When I was an undergrad, I almost took a degree in linguistics because I was so fascinated by languages, especially by the rate and patterns of change that languages undergo. So of course, I was excited to read two fascinating papers that were published in this week's issue of Nature. These papers find that individual words evolve in a predictable manner and this rate of evolution depends upon their frequency of use. Further, this predictability can be defined mathematically.

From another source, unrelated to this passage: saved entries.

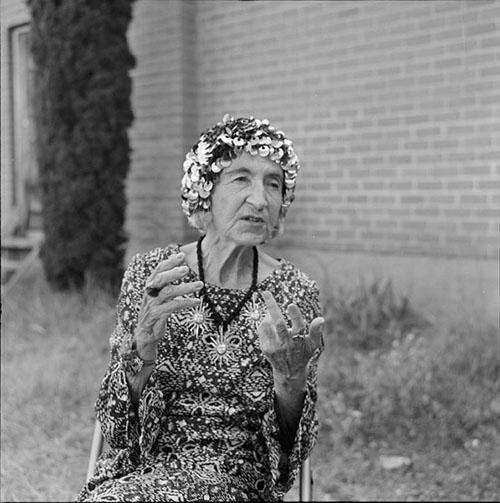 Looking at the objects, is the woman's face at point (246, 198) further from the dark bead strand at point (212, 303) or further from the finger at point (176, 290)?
the finger at point (176, 290)

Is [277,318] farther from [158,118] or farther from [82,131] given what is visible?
[158,118]

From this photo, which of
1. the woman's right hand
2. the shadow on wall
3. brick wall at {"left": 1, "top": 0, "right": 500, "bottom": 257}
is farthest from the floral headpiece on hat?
the shadow on wall

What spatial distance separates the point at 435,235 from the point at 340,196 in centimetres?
77

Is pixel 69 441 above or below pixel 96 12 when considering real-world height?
below

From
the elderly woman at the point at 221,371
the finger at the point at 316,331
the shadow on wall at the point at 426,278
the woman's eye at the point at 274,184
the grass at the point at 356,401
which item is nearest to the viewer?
the finger at the point at 316,331

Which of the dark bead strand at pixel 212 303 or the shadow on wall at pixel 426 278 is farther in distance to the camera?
the shadow on wall at pixel 426 278

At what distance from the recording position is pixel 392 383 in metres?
4.06

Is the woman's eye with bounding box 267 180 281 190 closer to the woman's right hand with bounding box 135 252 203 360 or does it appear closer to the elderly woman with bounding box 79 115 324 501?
the elderly woman with bounding box 79 115 324 501

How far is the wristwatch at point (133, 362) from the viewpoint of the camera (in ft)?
6.17

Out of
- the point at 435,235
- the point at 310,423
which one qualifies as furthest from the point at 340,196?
the point at 310,423

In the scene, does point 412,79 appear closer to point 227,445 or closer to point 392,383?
point 392,383

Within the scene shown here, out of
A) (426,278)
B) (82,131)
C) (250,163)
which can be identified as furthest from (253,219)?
(82,131)

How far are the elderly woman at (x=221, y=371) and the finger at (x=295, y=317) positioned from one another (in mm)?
192

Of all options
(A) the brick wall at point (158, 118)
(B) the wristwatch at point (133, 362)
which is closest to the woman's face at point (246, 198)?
(B) the wristwatch at point (133, 362) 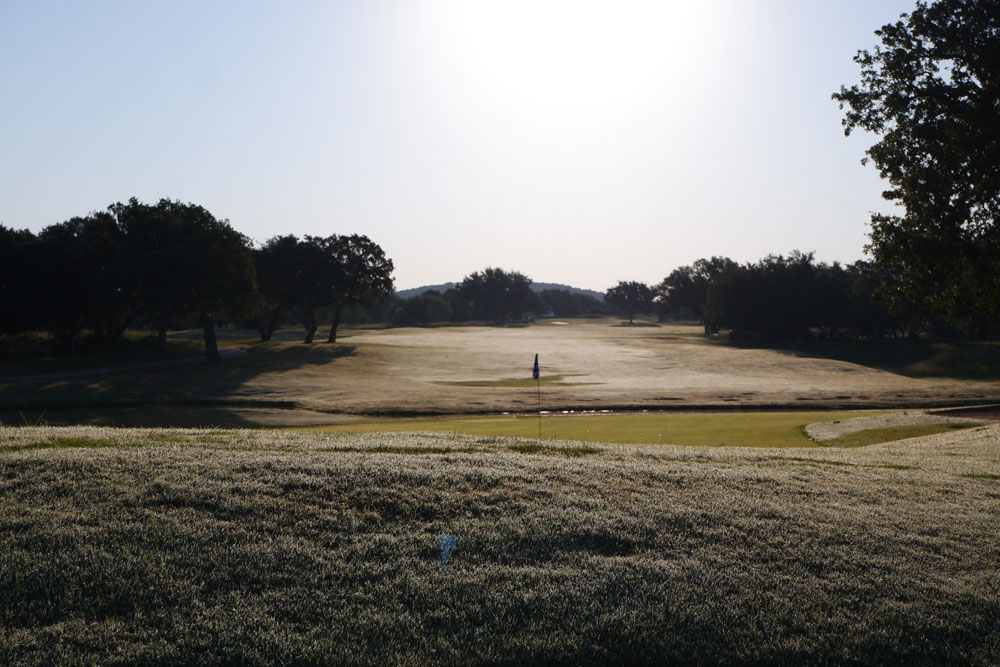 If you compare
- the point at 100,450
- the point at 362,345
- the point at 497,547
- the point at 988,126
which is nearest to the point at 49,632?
the point at 497,547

To test this hypothesis, one group of researchers from Harvard University set out to determine the rate at which irregular verbs change into "regularized verbs" and compared that to their frequency of use. Another group from the University of Reading, UK, compared the frequency of word use to that of replacement by another word for four different languages. Despite their different approaches, both groups report similar findings; the more frequently a word is used, the less likely it will undergo change -- a phenomenon that mirrors the evolutionary rate for genes.

The study conducted by Erez Lieberman and Jean-Baptiste Michel and their team of evolutionary biologists, all from Harvard University, focused on conjugation changes to 177 irregular Old English verbs. They found that 145 of these irregular verbs were still irregular in Middle English, while only 98 remain irregular today.

An irregular verb is an action word that does not follow regular conjugation rules so that it has a peculiar past tense, for example, words such as sing/sang/sung and go/went/gone, whereas regular verbs are simply modified by adding -ed to the infinitive to create the simple past and past participle forms; for example, talk/talked/talked. Interestingly, the team mentions that new verbs entering the English language universally follow regular conjugation rules; for instance, google/googled/googled.

Curiously, even though less than 3% of all English verbs are irregular, the ten most commonly used verbs are irregular (see table at right for a representative sampling of irregular verbs in the study). Thus, there is a heavy bias towards irregular verbs maintaining their "irregularities" when they are used often, whereas infrequently used irregular verbs are regularized by adding -ed to the infinitive. It is unclear why the -ed rule emerged as dominant over the other seven (at least) classes of irregular verbs, but it probably is because other rules, and their unusual conjugations, are otherwise easy to forget.

To study evolution of irregular verbs, Lieberman and Michel's team first identified 177 irregular English verbs, then they used the English language CELEX corpus, a lexical and textual database containing 17.9 million words, primarily from American and British English text sources. CELEX determines the frequency of use for any given word within the database. Using these data, the team calculated the frequency at which the 177 irregular verbs became "regularized" over time, and compared that to their frequency of use (figure 1a, below);

By leaving out frequency data for the most commonly used irregular verbs (be, have, come, do, find, get, give, go, know, say, see, take, think), which are most resistant to change, Lieberman and Michel's group found that the least frequently used irregular verbs changed, or regularized, fastest. In fact, there was a mathematical relationship that described this rate of change such that those verbs that were used 100 times less frequently evolved 10 times faster (figure 1b, above). Thus, the team used this mathematical relationship to predict the half-life for regularization for other irregular verbs (see table 1, above). According to their hypothesis, only 83 of the original 177 irregular verbs will retain their unusual conjugations by 2500.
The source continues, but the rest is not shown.